Arab Labor Organization chairman Ahmad Luqman (R) with Saudi labor minister Adil Faqih speaking at a press conference in Riyadh, Saudi Arabia, on Sunday, November 3, 2013. (Asharq Al-Awsat)

Arab Labor Organization chairman Ahmad Luqman (R) with Saudi labor minister Adil Faqih speaking at a press conference in Riyadh, Saudi Arabia, on Sunday, November 3, 2013. (Asharq Al-Awsat)

Riyadh, Asharq Al-Awsat—The chairman of the Arab Labor Organization, Ahmad Luqman, said on Sunday that unemployment in the Arab world has reached around 20 million, adding that the protests in some Arab states increased due to the unprecedented high levels of unemployment.

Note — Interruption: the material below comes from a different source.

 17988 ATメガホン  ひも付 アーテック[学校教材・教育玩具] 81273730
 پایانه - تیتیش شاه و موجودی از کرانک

In a news conference ahead of the second Arab Forum for Labor and Development–scheduled for February 2014 in Riyadh–Luqman told Asharq Al-Awsat that unemployment rates in the Arab world ranged between 3 and 40 percent.

He also told Asharq Al-Awsat that “we have specific Arab standards, as well as international standards, which safeguard the rights of employers and employees. This happens at a time when the situation in the area has caused an increase in unemployment, which is a dangerous indicator that we have warned against previously.”

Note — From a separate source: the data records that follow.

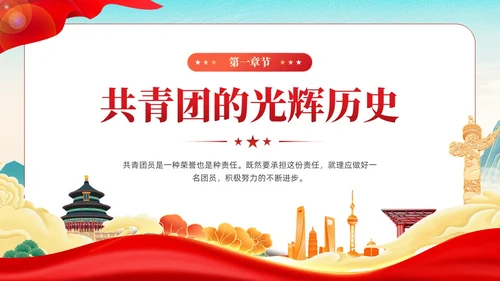 国潮红色党政青年你为什么入团团课PPT模板党建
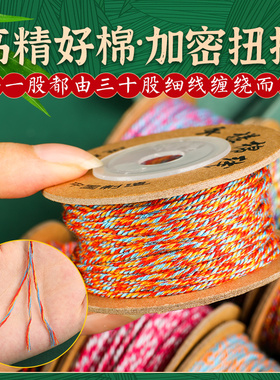 紧实耐磨不起毛藏式编绳手搓棉线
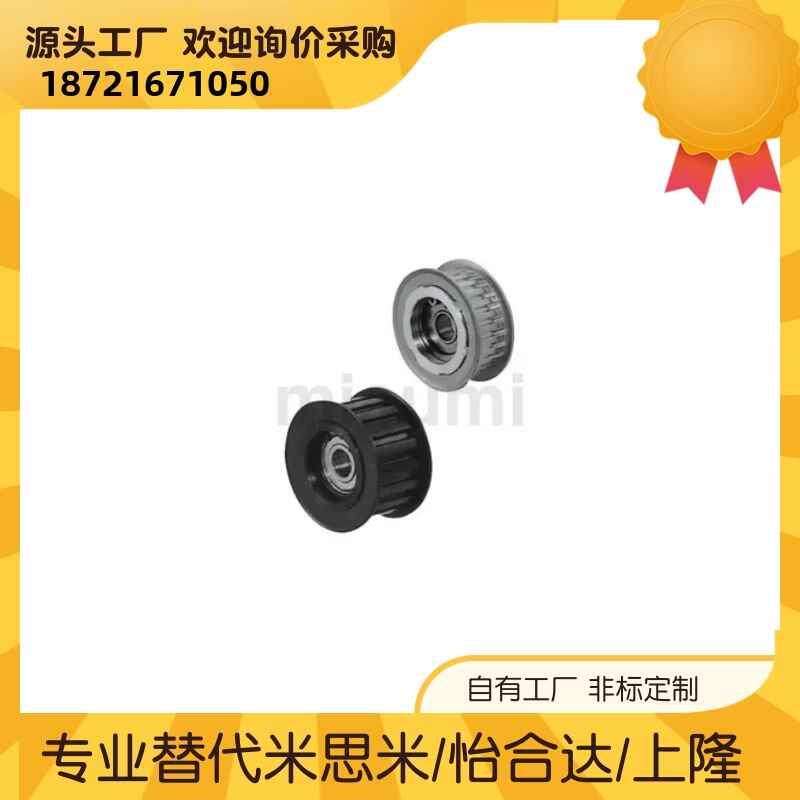 热销替代AHTF/BfHTF/MHTF-W16/18/20/22/24/25/26/28/30/32/36/40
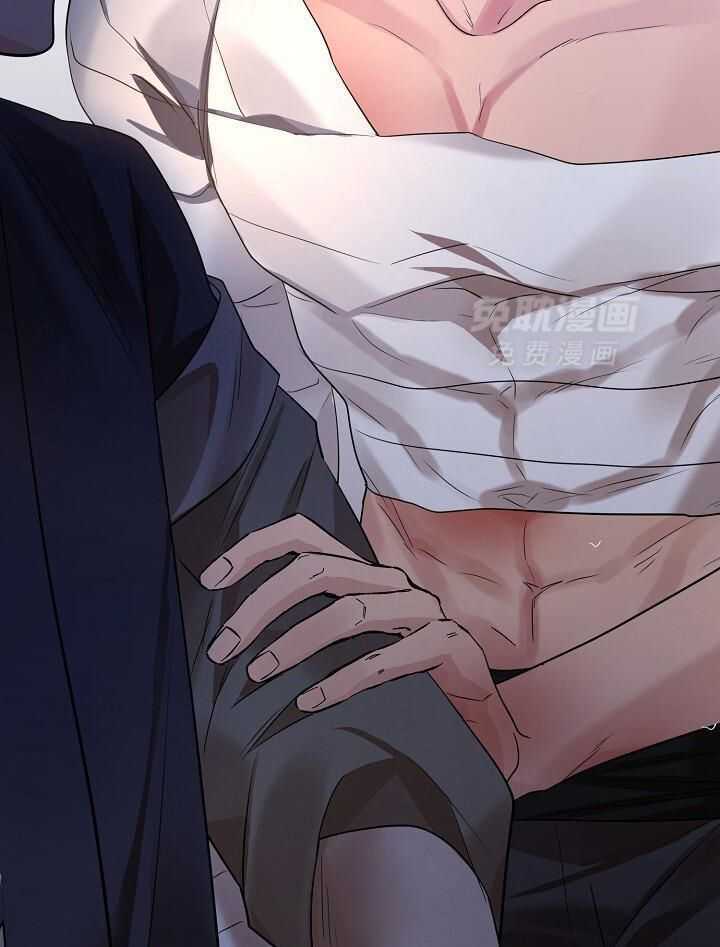 疯批殿下的虐爱 第148话 第17页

Luqman further added that the Arab Labor Organization’s third report focused on the effects on the labor market of the protests that swept some Arab states. He said he hoped the second Arab Forum for Labor and Development would achieve positive results that would help control unemployment, and eventually eradicate it.

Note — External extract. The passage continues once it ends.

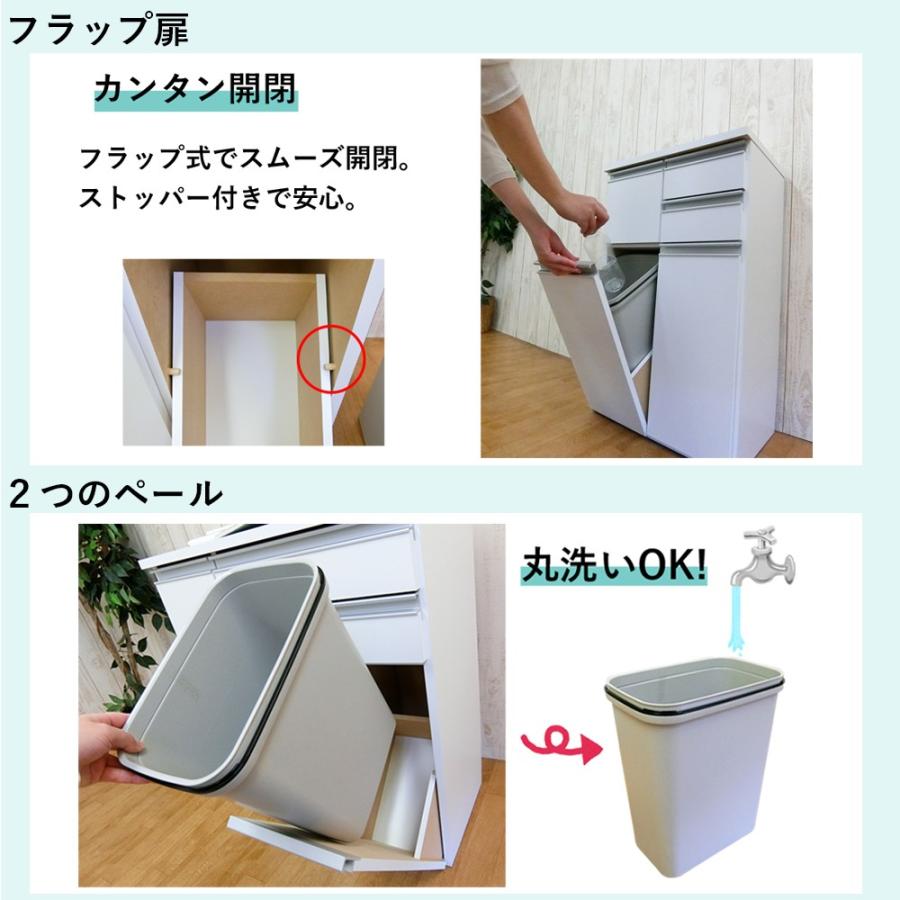 ゴミ箱 ダストボックス カウンター 3分別 キャスター付き 完成品 ゴミ箱 ダストボックス カウンター 3分別 キャスター付き 完成品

Luqman said the Saudi labor market was the largest in the region, and that it absorbed the largest volume of Arab labor, and expressed his admiration for the programs recently launched by the Saudi Ministry of Labor.

He said the levels of unemployment in the Arab region had reached 16 percent overall, and that “these levels have increased by 2 percent in the last two years,” and that the levels differed from one country to another, and that women’s unemployment was a problem in some countries, although “Saudi Arabia had made tangible progress on this issue this year.”

Meanwhile, Adil Faqih, Saudi labor minister, said in the news conference on Sunday that it was important to develop information systems in the labor market. He said: “We at the Ministry of Labor have started work on this issue, and the important thing about these systems is that information they produce should be made available to countries that export and those that import labor.”